Task statement: The lines to return are those from the line holding "Forgefix Rondella Penny" through the last line of the entries below, both included, written exactly and without pictures.

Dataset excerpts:
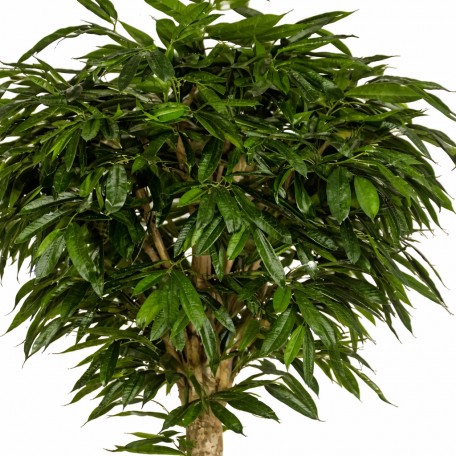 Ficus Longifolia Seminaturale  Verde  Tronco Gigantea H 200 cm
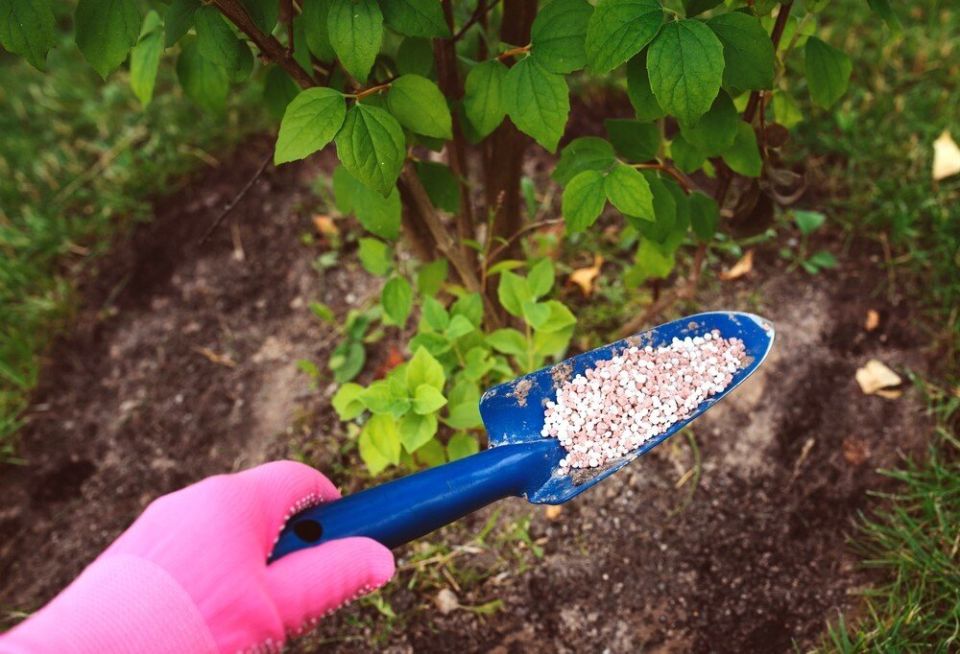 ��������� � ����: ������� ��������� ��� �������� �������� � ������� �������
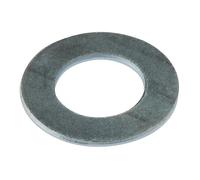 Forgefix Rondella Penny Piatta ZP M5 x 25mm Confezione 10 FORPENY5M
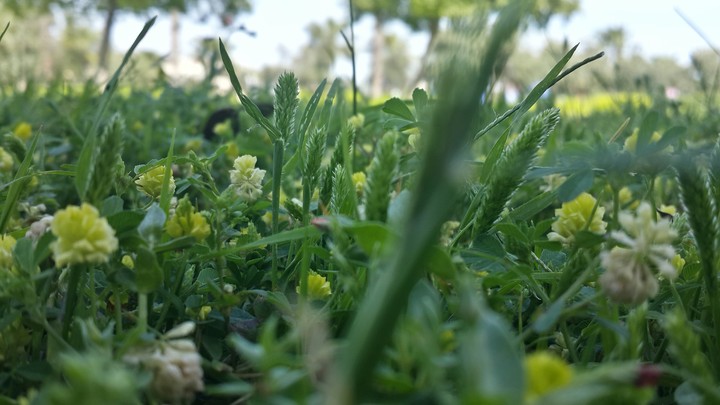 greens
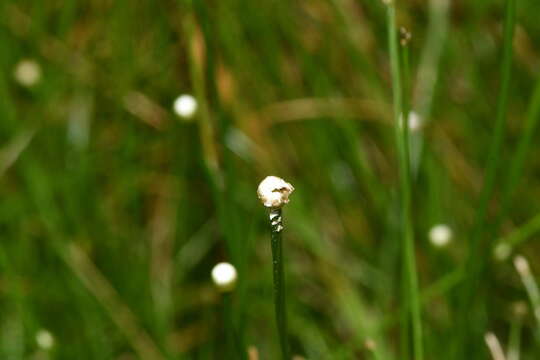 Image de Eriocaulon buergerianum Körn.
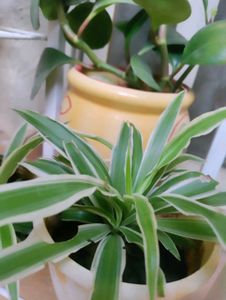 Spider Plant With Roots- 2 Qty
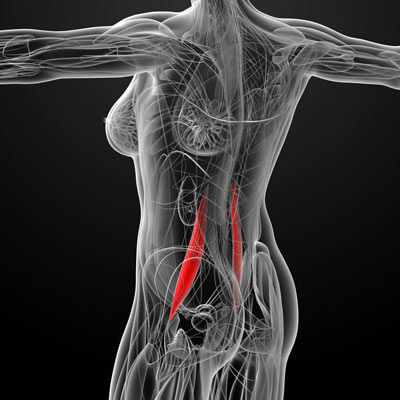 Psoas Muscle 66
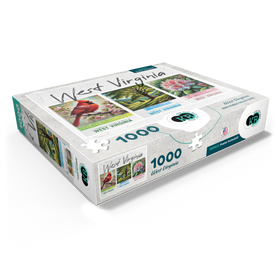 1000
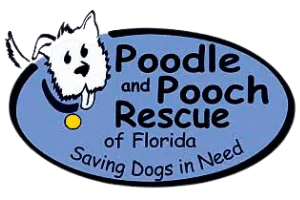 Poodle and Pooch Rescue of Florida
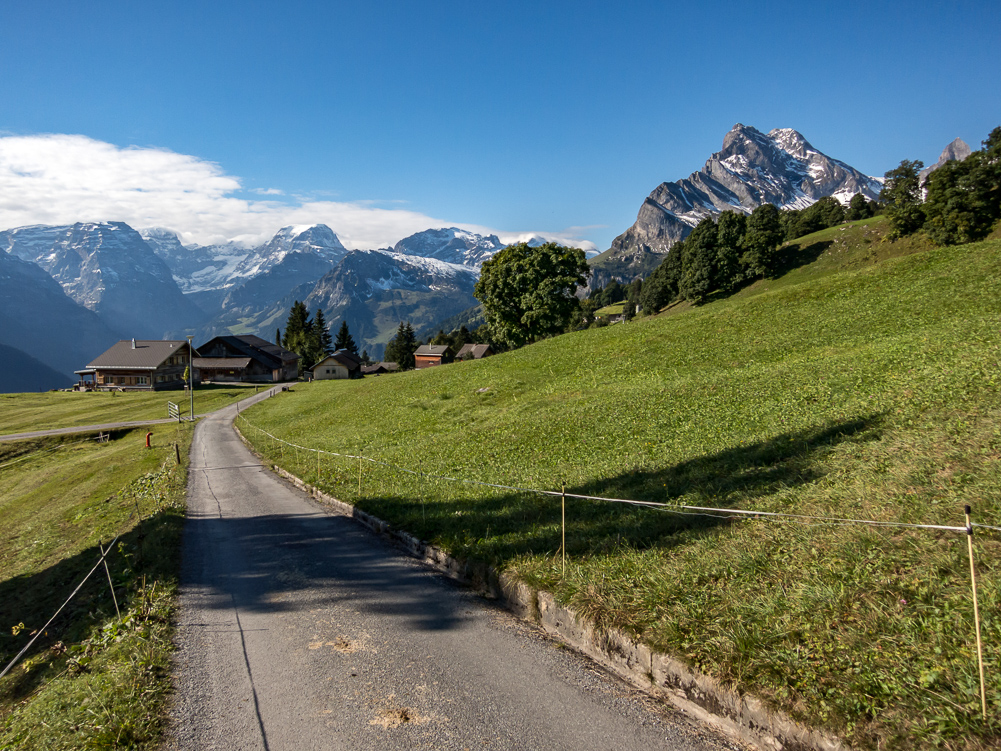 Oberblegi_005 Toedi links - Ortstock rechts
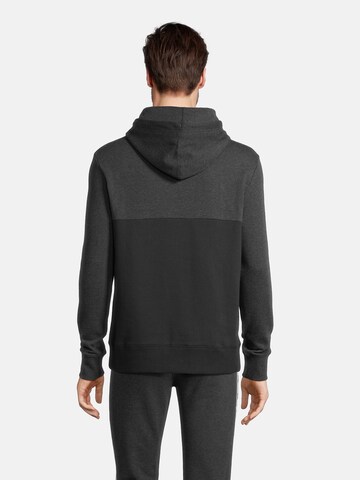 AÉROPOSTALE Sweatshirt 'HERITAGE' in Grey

Completed task:
 Forgefix Rondella Penny Piatta ZP M5 x 25mm Confezione 10 FORPENY5M
 greens
 Image de Eriocaulon buergerianum Körn.
 Spider Plant With Roots- 2 Qty
 Psoas Muscle 66
 1000
 Poodle and Pooch Rescue of Florida
 Oberblegi_005 Toedi links - Ortstock rechts
 AÉROPOSTALE Sweatshirt 'HERITAGE' in Grey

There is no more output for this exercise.